Task statement
Every line of the data below is to be duplicated exactly, pictures excepted.

Raw data

------------------------

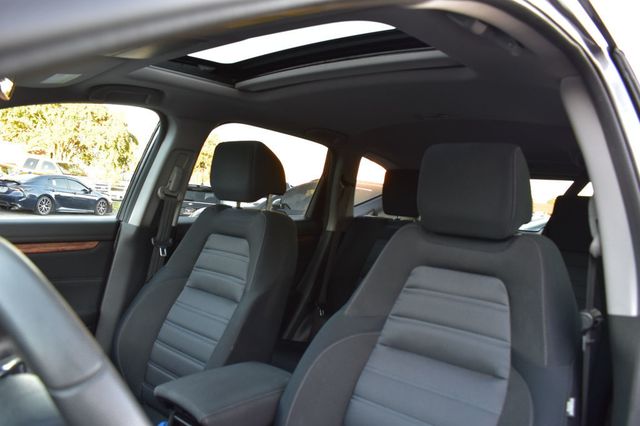 2018 Honda CR-V EX AWD - 23093708 - 13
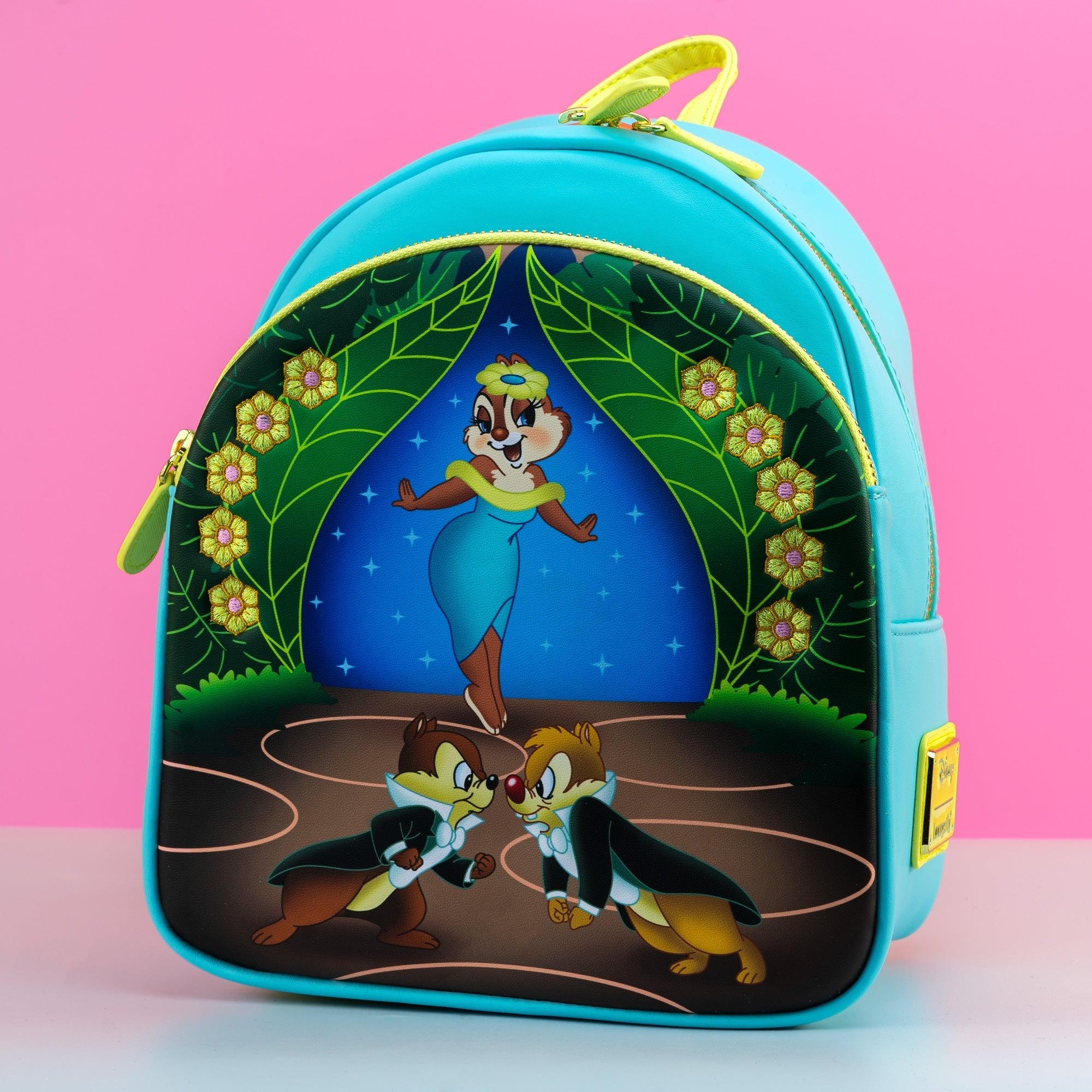 Loungefly x Disney Chip and Dale Clarice Mini Backpack - GeekCore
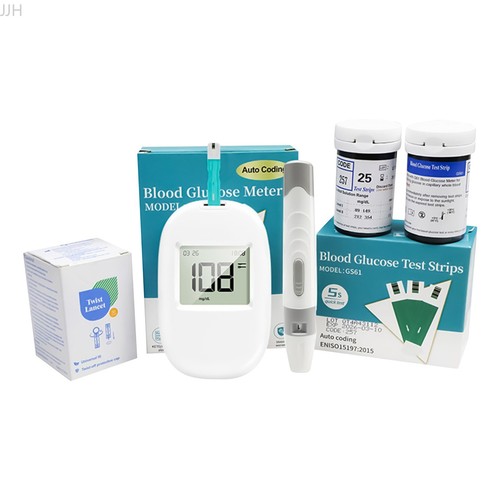 Kit monitoraggio test - kit,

------------------------

Output
 2018 Honda CR-V EX AWD - 23093708 - 13
 Loungefly x Disney Chip and Dale Clarice Mini Backpack - GeekCore
 Kit monitoraggio test - kit,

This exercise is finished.